Prompt:
Using the material below, print the line that contains "Sgabello da bar", the line that contains "DUENPY 14x26 Collage", and every line in between, exactly and nothing else.

Data records:
———

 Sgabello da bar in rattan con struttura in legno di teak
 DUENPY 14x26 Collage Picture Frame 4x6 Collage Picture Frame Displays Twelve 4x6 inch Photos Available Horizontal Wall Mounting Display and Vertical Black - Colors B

———

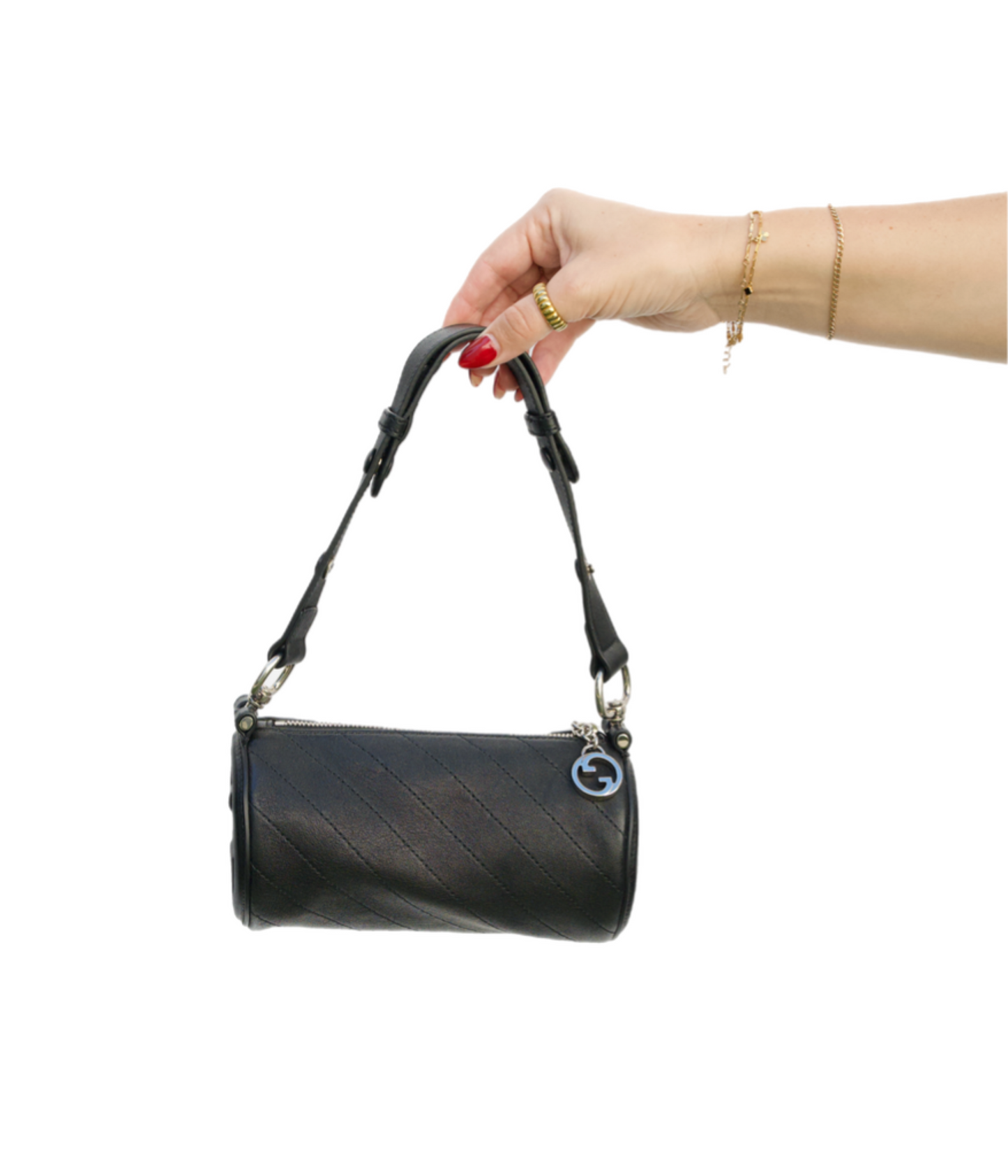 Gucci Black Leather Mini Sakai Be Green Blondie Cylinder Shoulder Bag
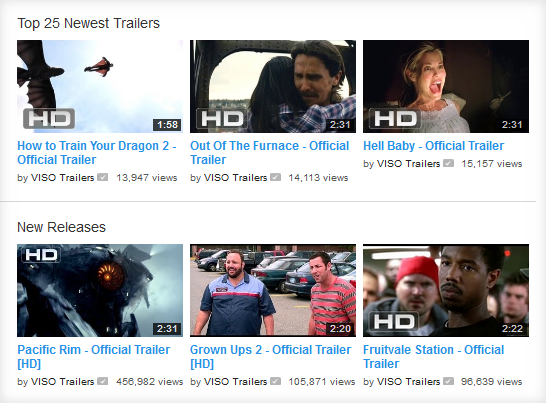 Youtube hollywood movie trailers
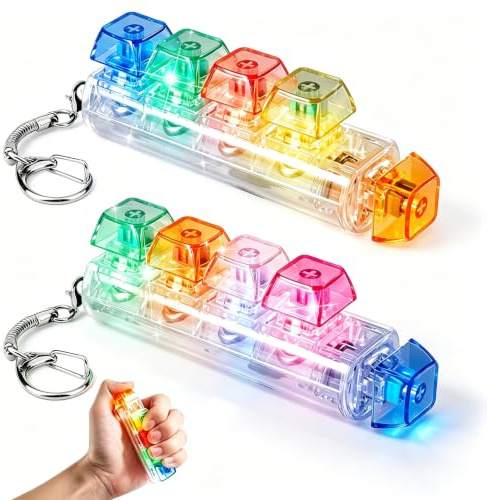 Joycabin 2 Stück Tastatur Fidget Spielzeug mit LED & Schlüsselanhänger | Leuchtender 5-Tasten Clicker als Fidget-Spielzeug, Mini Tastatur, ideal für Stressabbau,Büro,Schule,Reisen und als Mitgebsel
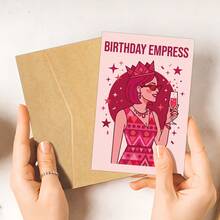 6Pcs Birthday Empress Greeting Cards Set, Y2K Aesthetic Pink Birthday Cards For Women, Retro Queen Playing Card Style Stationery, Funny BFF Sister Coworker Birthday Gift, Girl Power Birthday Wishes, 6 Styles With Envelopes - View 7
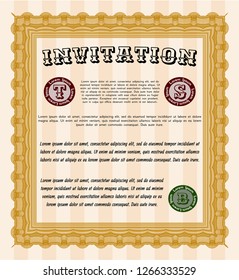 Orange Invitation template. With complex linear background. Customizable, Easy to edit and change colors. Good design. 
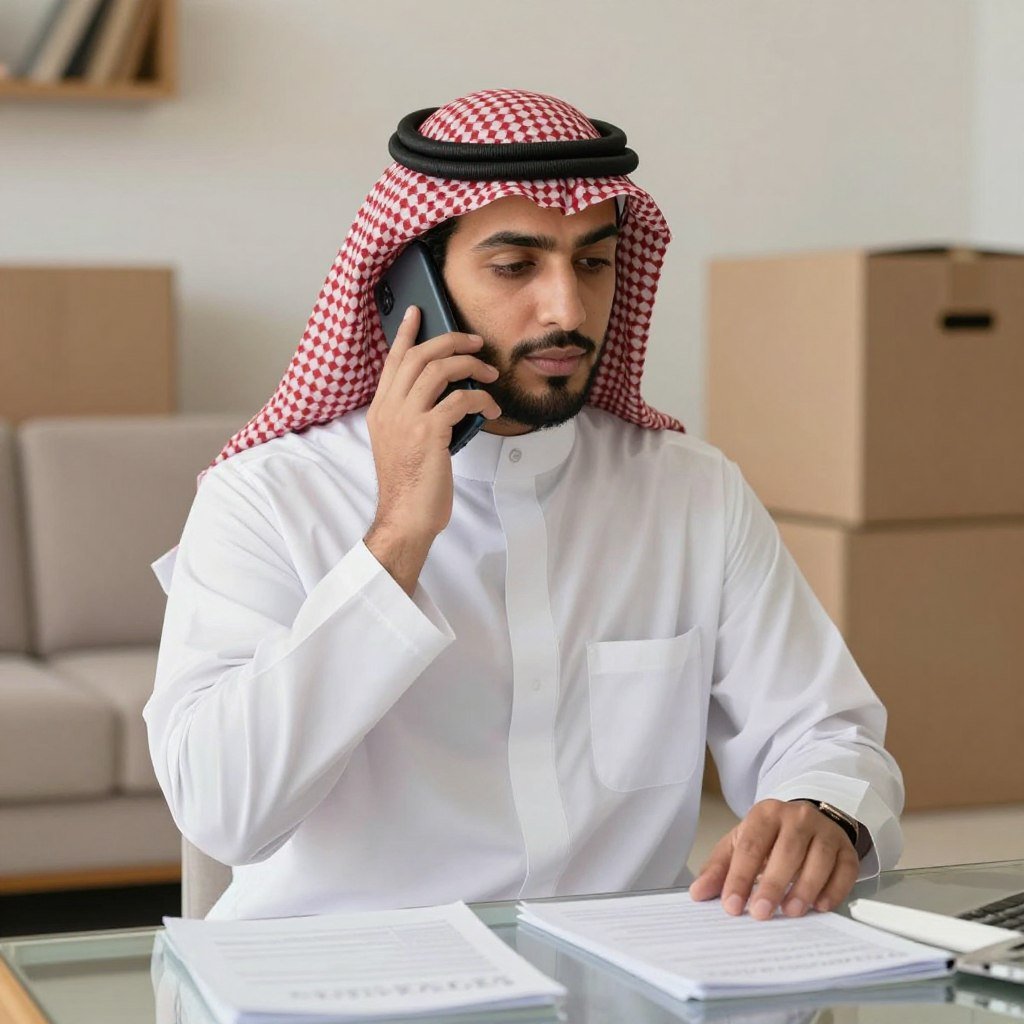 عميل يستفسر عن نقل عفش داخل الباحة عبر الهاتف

———

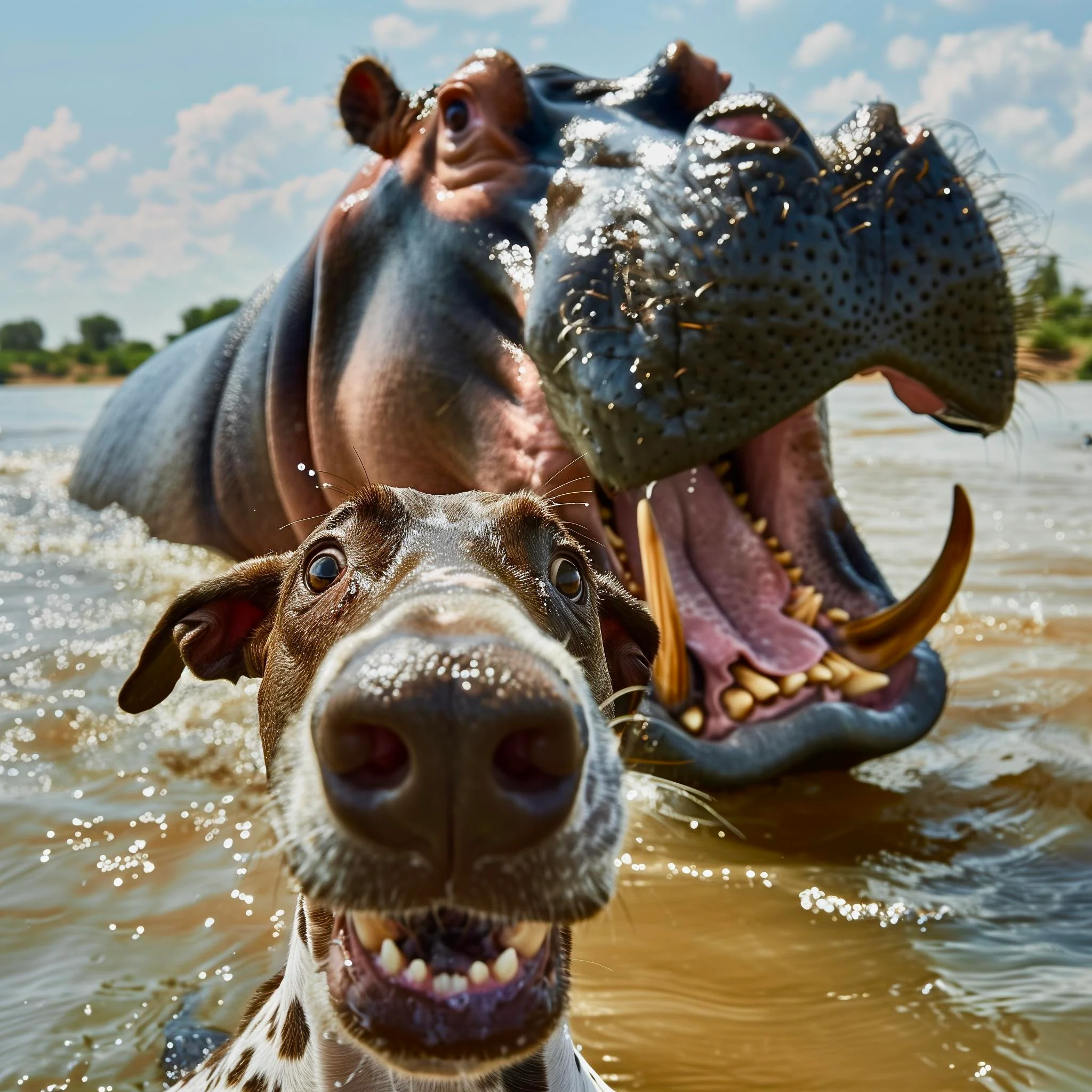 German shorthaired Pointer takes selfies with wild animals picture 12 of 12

———

Written solution:
 Sgabello da bar in rattan con struttura in legno di teak
 DUENPY 14x26 Collage Picture Frame 4x6 Collage Picture Frame Displays Twelve 4x6 inch Photos Available Horizontal Wall Mounting Display and Vertical Black - Colors B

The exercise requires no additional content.